Аннотация
Whenever fictional ghost stories are written or spoken about, one author is sure to be invoked: M. R. James, Provost successively of King’s College, Cambridge and Eton, and the author of four outstanding collections of ghost stories published between 1904 and 1925.
This anthology is the first to illustrate the extent of James’s influence on the English tradition of ghost fiction. Following James’s lead, the writers represented here conjure up an ordered, placid world into which the supernatural—usually in malevolent form—slowly but surely intrudes itself, a world of country houses, forlorn churches, quiet college quadrangles and damp cathedral crypts, a world in which ancient objects, books, manuscripts and inscriptions provide potent links between the present and a vengeful past.

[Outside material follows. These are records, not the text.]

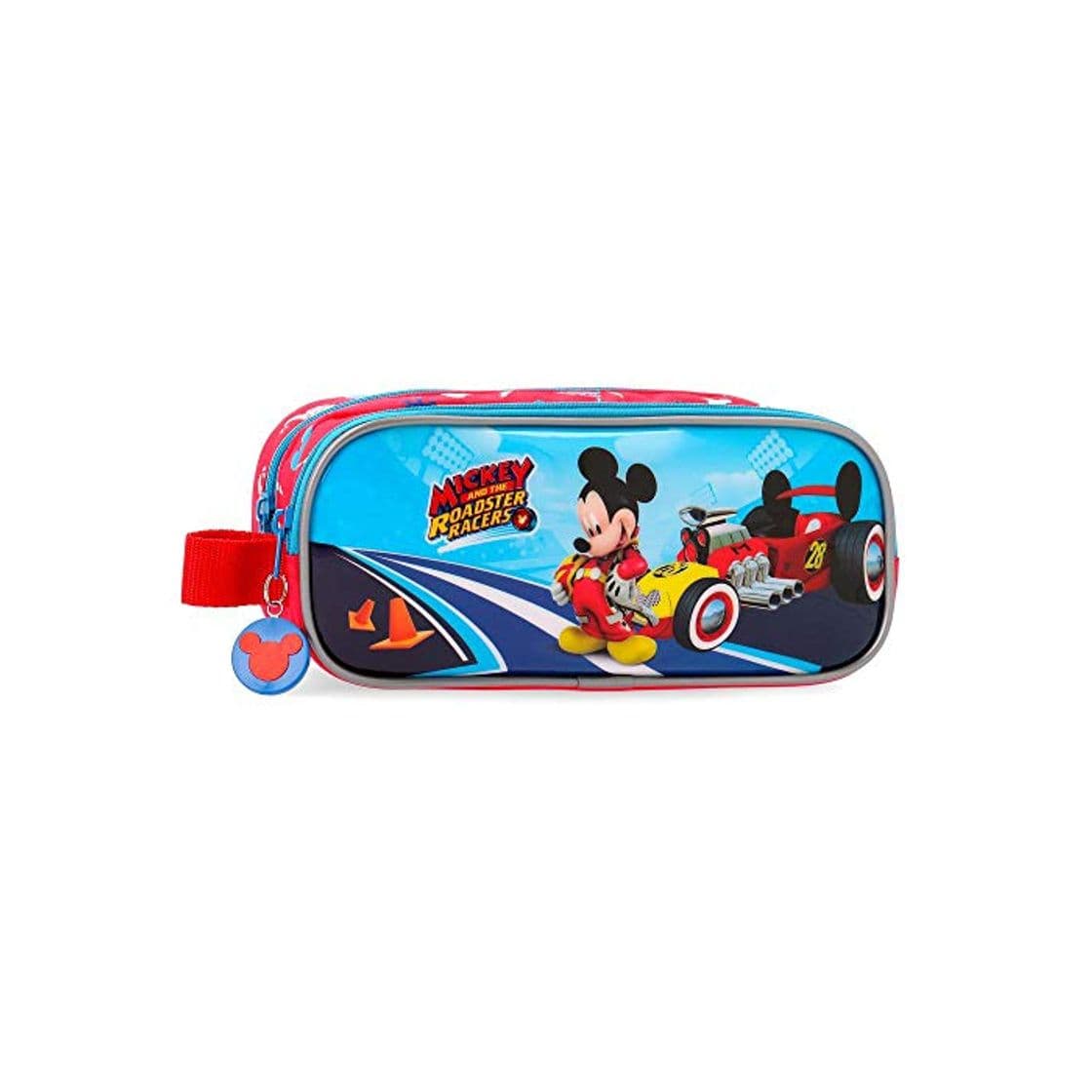 Producto Disney Lets Roll Mickey - Estuche con Doble Compartimento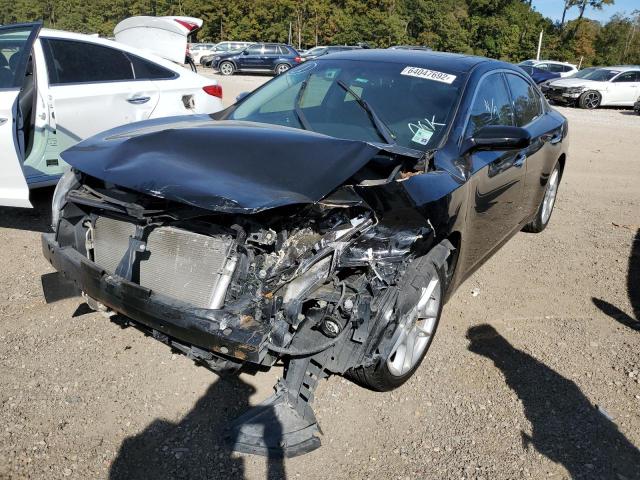 Photo 2 from auction – 2014 NISSAN MAXIMA S with VIN 1N4AA5AP4EC443743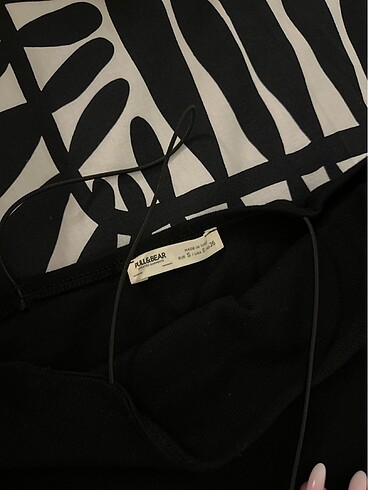 s Beden Pull&Bear elbise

Richard Dalby and Rosemary Pardoe’s selection of 25 of the very best Jamesian stories include several rarities—such as ‘The Stone Coffin’ by the anonymous ‘B’ and Frederick Cowles’s ‘The Strange Affair at Upton Stonewold’—as well as tales by Arthur Gray, R. H. Malden, L. T. C. Rolt, Dermot Chesson Spence, E. G. Swain, Montague Summers, Ramsey Campbell, and David Rowlands. In addition, there is a little-known essay on ghost stories by James himself and a Preface by James’s biographer.